I don't like it, and I'm sorry I ever had anything to do with it.

MadDogMike posted:

Other factor is there are often related families of viruses/disease (Covid-19 is one variety of coronavirus for example), and developed immunity to one relative can convey benefits to resisting the others depending on the antigens. In the case of smallpox in particular you had cowpox which was similar enough to be used for vaccination (I seem to recall Jenner even hit on the idea of using cowpox by noticing milkmaids with prior cowpox infections were more resistant to smallpox via epidemiology).

Yes, and in fact etymologically "vaccination" is essentially "encowment". It's obsolete now, but the word vaccine was the cow equivalent of equine for horses or porcine for pigs.

Saul Kain
Dec 5, 2018

Lately it occurs to me,

what a long, strange trip it's been.


The Phoenician thing got me thinking about alphabets. Does the development of written language translate into greater military power or the ability to project power? Did having their writing system help Phoenicia militarily?

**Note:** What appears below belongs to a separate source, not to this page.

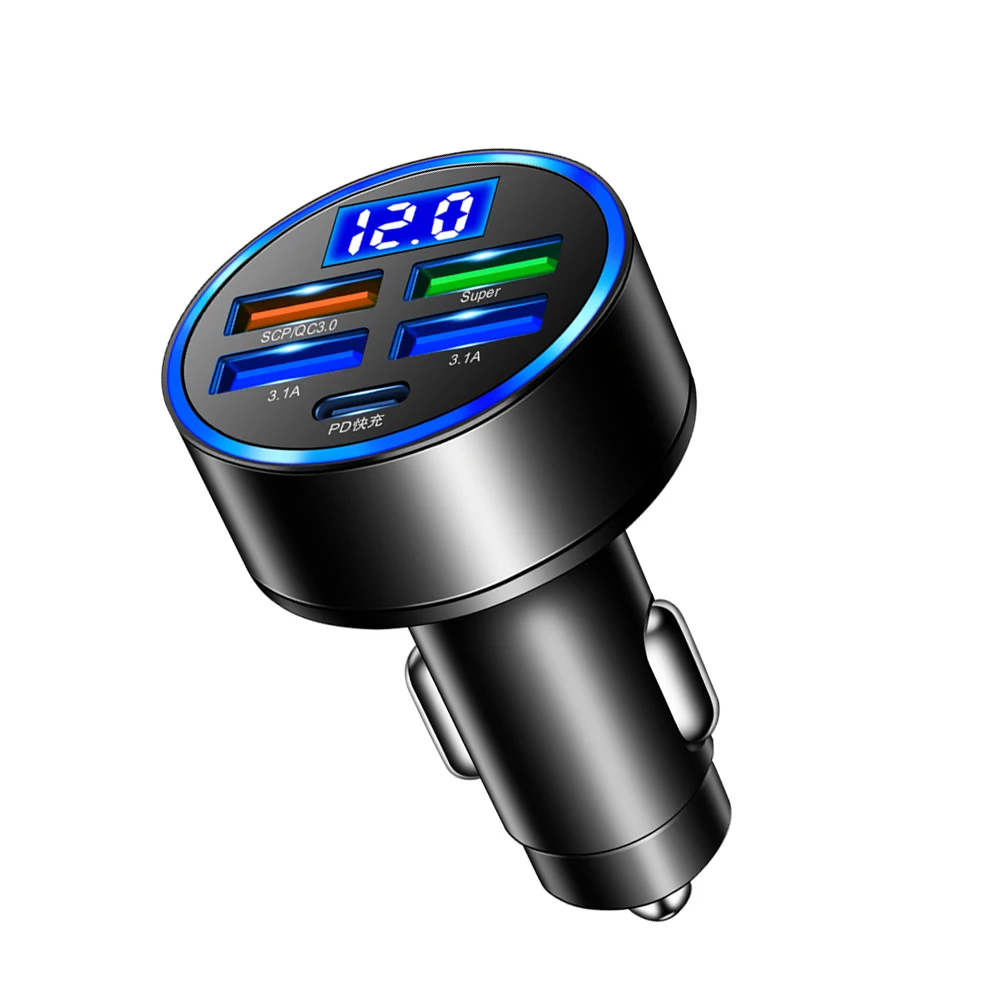 LED 디지털 디스플레이 차량용 충전기 어댑터, 5 포트, 15W, 전원 콘센트, 전압 감지, 휴대폰 태블릿용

I honestly know nothing about Phoenician history.

TooMuchAbstraction
Oct 14, 2012

I spent four years making
Waves of Steel
Hell yes I'm going to turn my avatar into an ad for it.
Fun Shoe

Saul Kain posted:

The Phoenician thing got me thinking about alphabets. Does the development of written language translate into greater military power or the ability to project power? Did having their writing system help Phoenicia militarily?

I honestly know nothing about Phoenician history.

If I recall correctly, written language was originally developed to facilitate trade, which sure sounds to me like it could make logistics easier. And we all know how important logistics is to military operations!

Xiahou Dun
Jul 16, 2009

We shall dive down through black abysses... and in that lair of the Deep Ones we shall dwell amidst wonder and glory forever.



^^^I’m leery of claims like “writing was for X” because I doubt you know the inventors intentions and even if you did writing has been developed multiple times.

Saul Kain posted:

The Phoenician thing got me thinking about alphabets. Does the development of written language translate into greater military power or the ability to project power? Did having their writing system help Phoenicia militarily?

I honestly know nothing about Phoenician history.

It helps the poo poo out of logistics and planning and communicating, but its development is also correlated with those so teasing apart causality is gonna be hard. Then you have the fact that societies with writing tend to be better documented for pretty obvious reasons.

You’d need to have a test culture that didn’t have writing and then suddenly gained or lost it without other major changes or a lot of time passing (then subject to this being just a case study). Maybe Cherokee? A particularly violent group of novel sign language users that someone hands a writing system to?

Xiahou Dun fucked around with this message at 02:22 on Sep 27, 2022

MikeC
Jul 19, 2004
BITCH ASS NARC

Xiahou Dun posted:

You’d need to have a test culture that didn’t have writing and then suddenly gained or lost it without other major changes or a lot of time passing (then subject to this being just a case study). Maybe Cherokee? A particularly violent group of novel sign language users that someone hands a writing system to?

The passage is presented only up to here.